→ **TASK STATEMENT**
Starting with the line that contains "Guarda Roupa Solteiro", repeat exactly every line through the last one in the records below, and leave out the pictures.

(Crawled caption data)
======

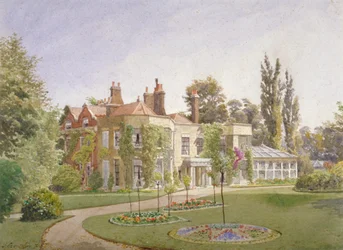 Frontinngangen og hagen ved Raleigh House, Brixton Hill, Lambeth, London, 1887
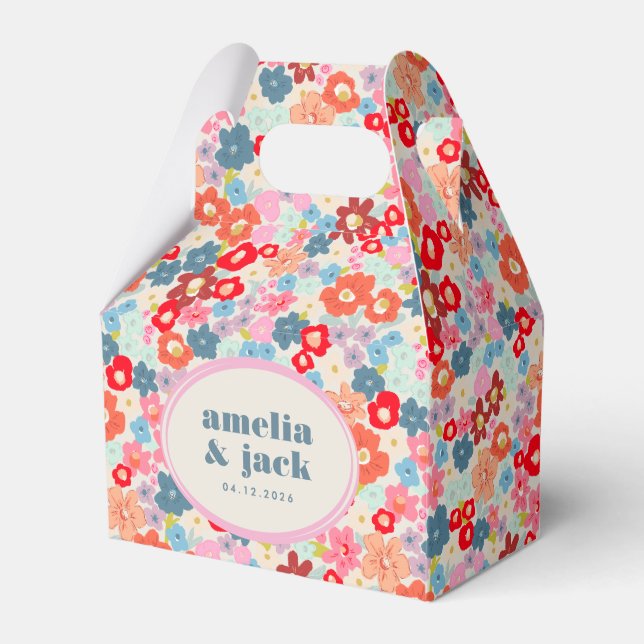 Blooming Joy Bright Blommigt Maximalist Bröllop Presentaskar (Framsidan Sidan)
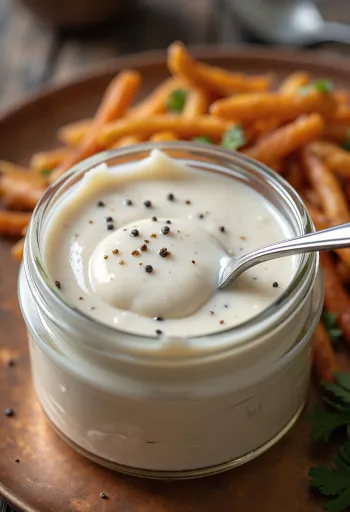 Salsa BBQ blanca estilo Alabama servida con pollo a la parrilla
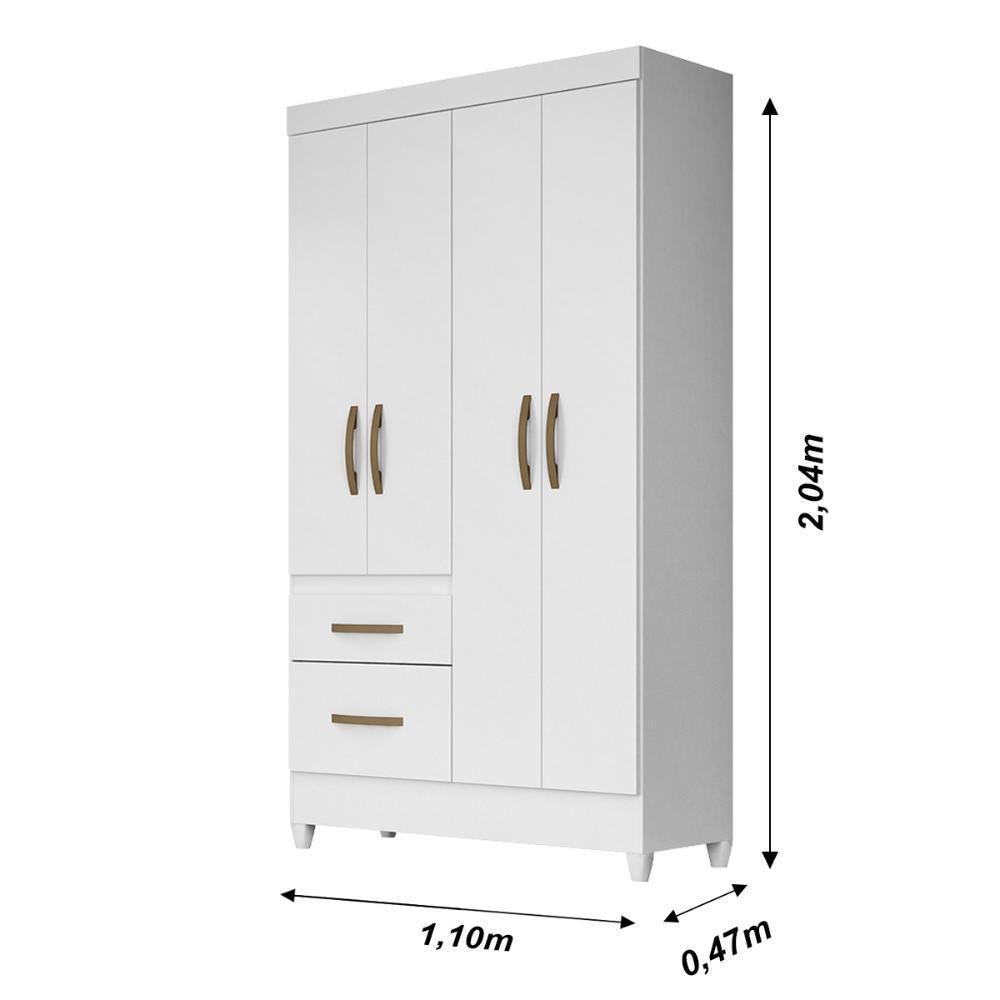 Guarda Roupa Solteiro 4 Portas 2 Gavetas Madri - Branco / Rosa / Azul / Lilas Flex Branco - 6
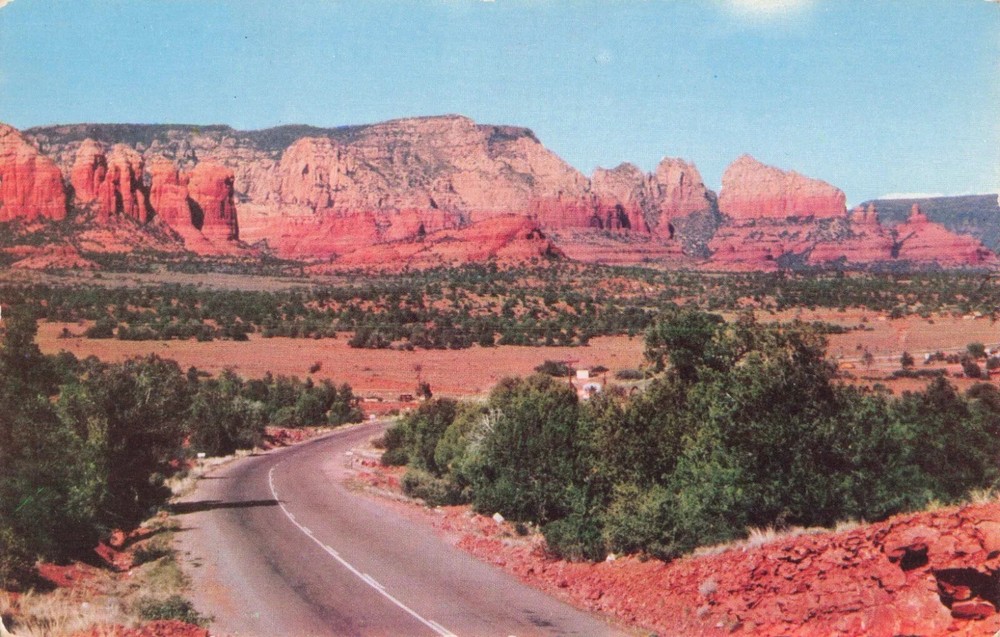 Road near Oak Creek Canyon's Famous Red Rock Mountains - Arizona AZ - Postcard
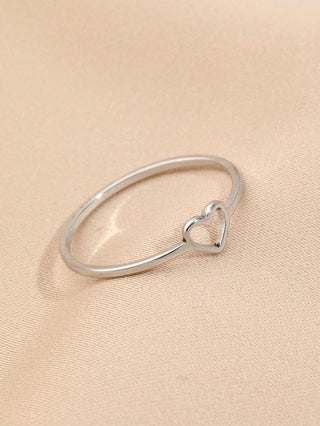 1pc Stainless Steel Fashion Simple Women's Hollow Love Ring Suitable For Women's Daily Decoration Or Gift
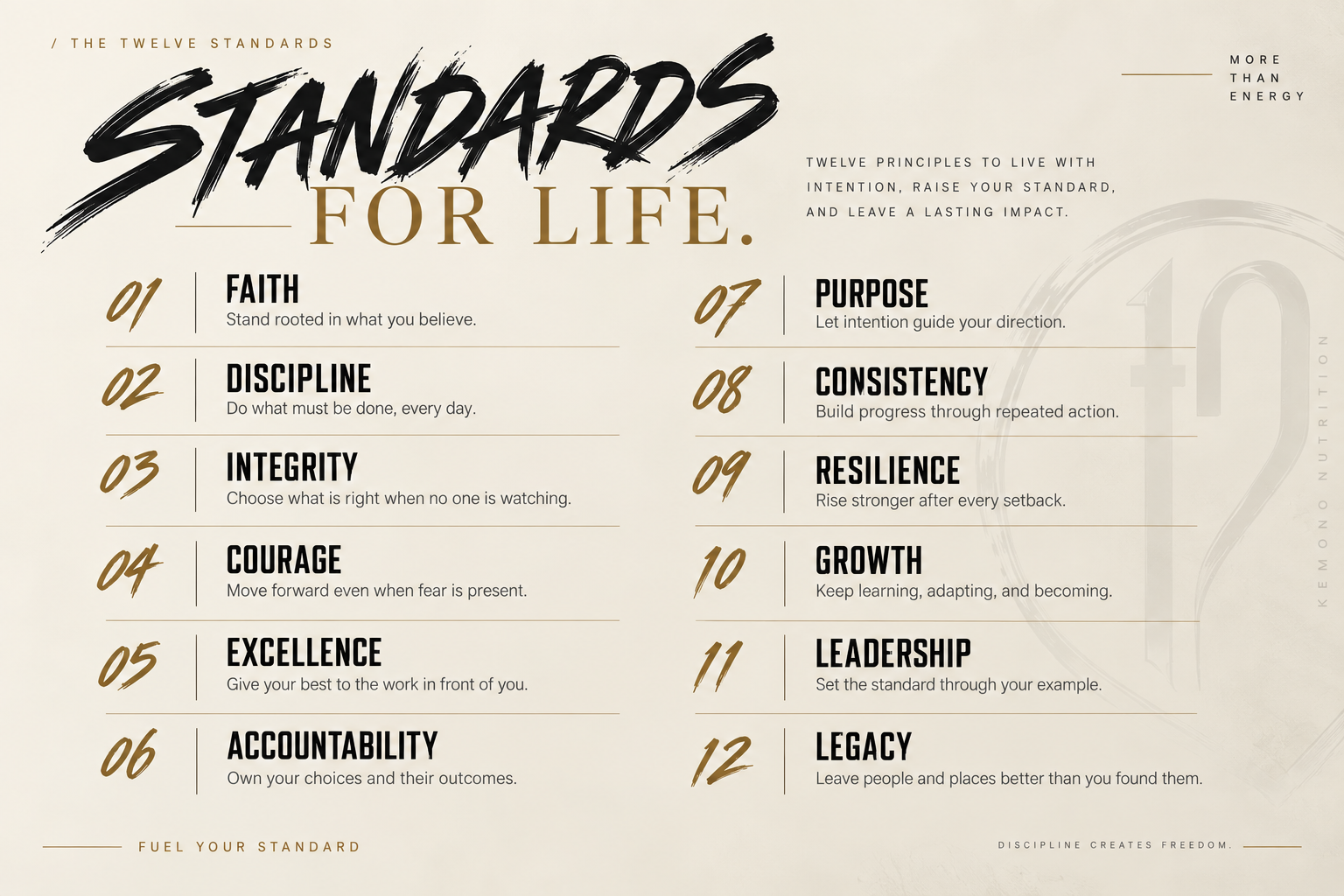 The Twelve Standards for Life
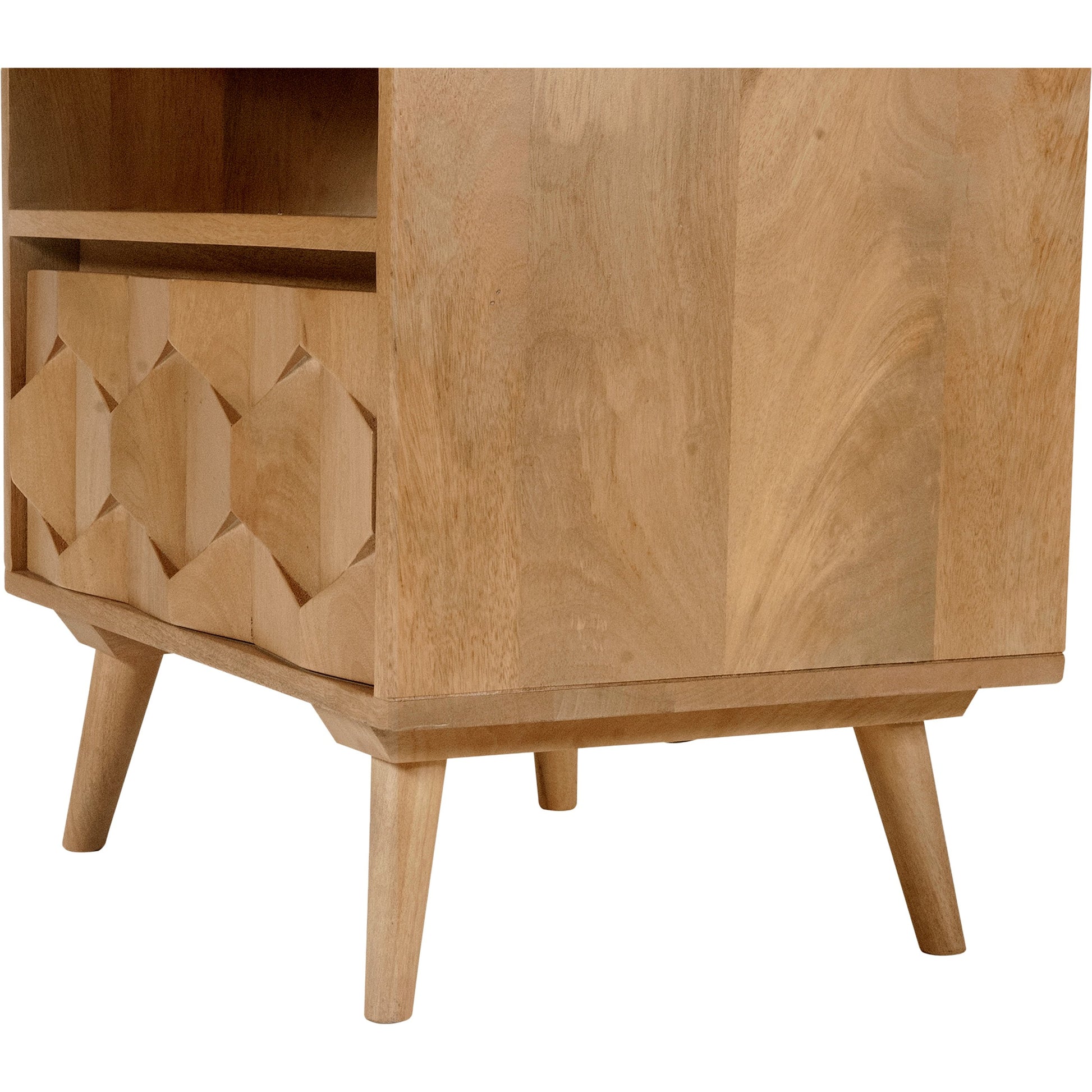 O2 Nightstand by Moe's Home Collection in natural. Made from sheesham wood, iron allen bolts in a modern style.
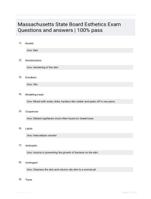 Massachusetts State Board Esthetics Exam Questions and answers | 100% pass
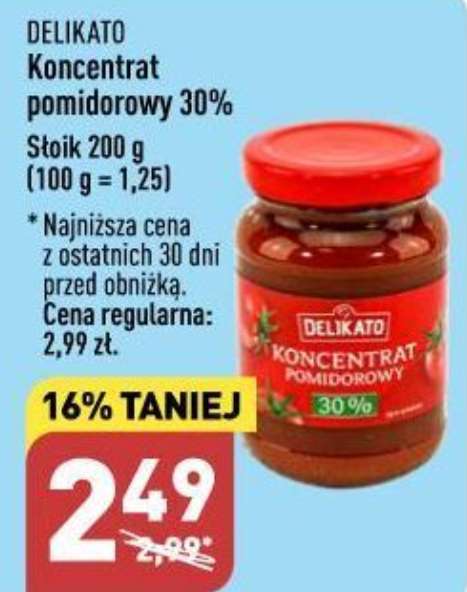 Koncentrat pomidorowy 30% 200g 2.49zl @Aldi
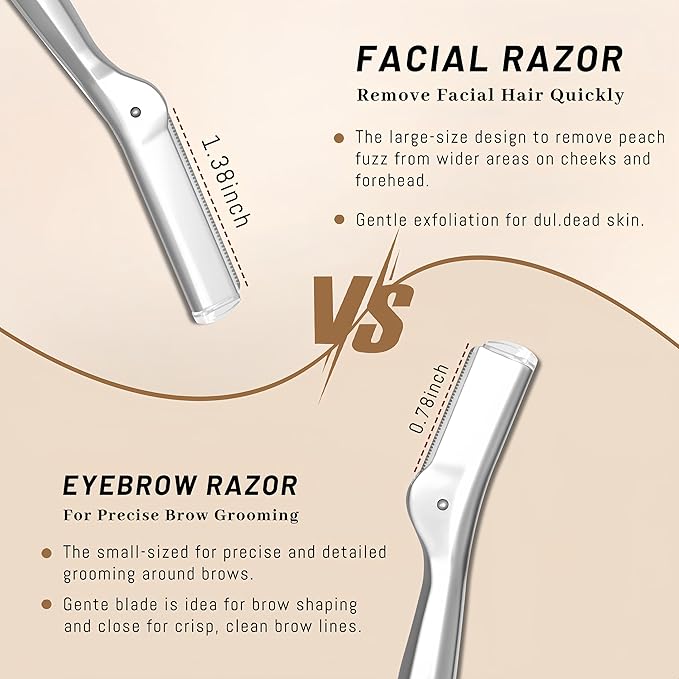 Stainless Steel Eyebrow Razor - Face Razors with Travel Cover & 10 Refill Blades, Eyebrow Brush - Help Exfoliate and Smooth Skin for Eyebrow, Leg, BIKINI, Facial, Beard Remove - L
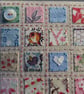 A Little Quilt hand-stitched framed original, vintage fabrics, tiny MOP buttons - Image 3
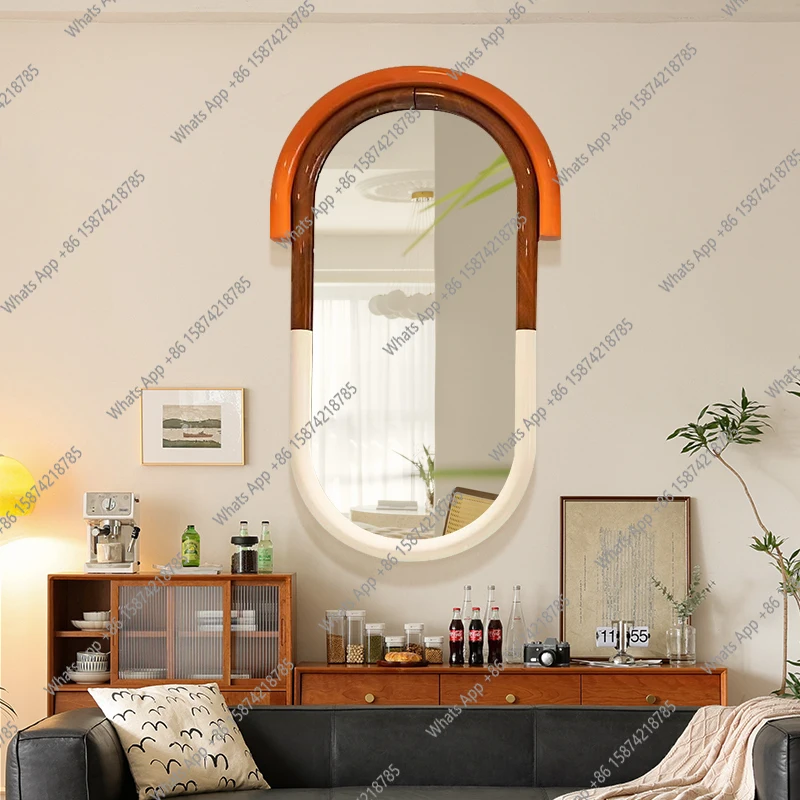 French cream style makeup mirror master bedroom desktop special-shaped vanity mirror bathroom bathroom decorative mirror wall ha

======

→ **REPLY**
 Guarda Roupa Solteiro 4 Portas 2 Gavetas Madri - Branco / Rosa / Azul / Lilas Flex Branco - 6
 Road near Oak Creek Canyon's Famous Red Rock Mountains - Arizona AZ - Postcard
 1pc Stainless Steel Fashion Simple Women's Hollow Love Ring Suitable For Women's Daily Decoration Or Gift
 The Twelve Standards for Life
 O2 Nightstand by Moe's Home Collection in natural. Made from sheesham wood, iron allen bolts in a modern style.
 Massachusetts State Board Esthetics Exam Questions and answers | 100% pass
 Koncentrat pomidorowy 30% 200g 2.49zl @Aldi
 Stainless Steel Eyebrow Razor - Face Razors with Travel Cover & 10 Refill Blades, Eyebrow Brush - Help Exfoliate and Smooth Skin for Eyebrow, Leg, BIKINI, Facial, Beard Remove - L
 A Little Quilt hand-stitched framed original, vintage fabrics, tiny MOP buttons - Image 3
 French cream style makeup mirror master bedroom desktop special-shaped vanity mirror bathroom bathroom decorative mirror wall ha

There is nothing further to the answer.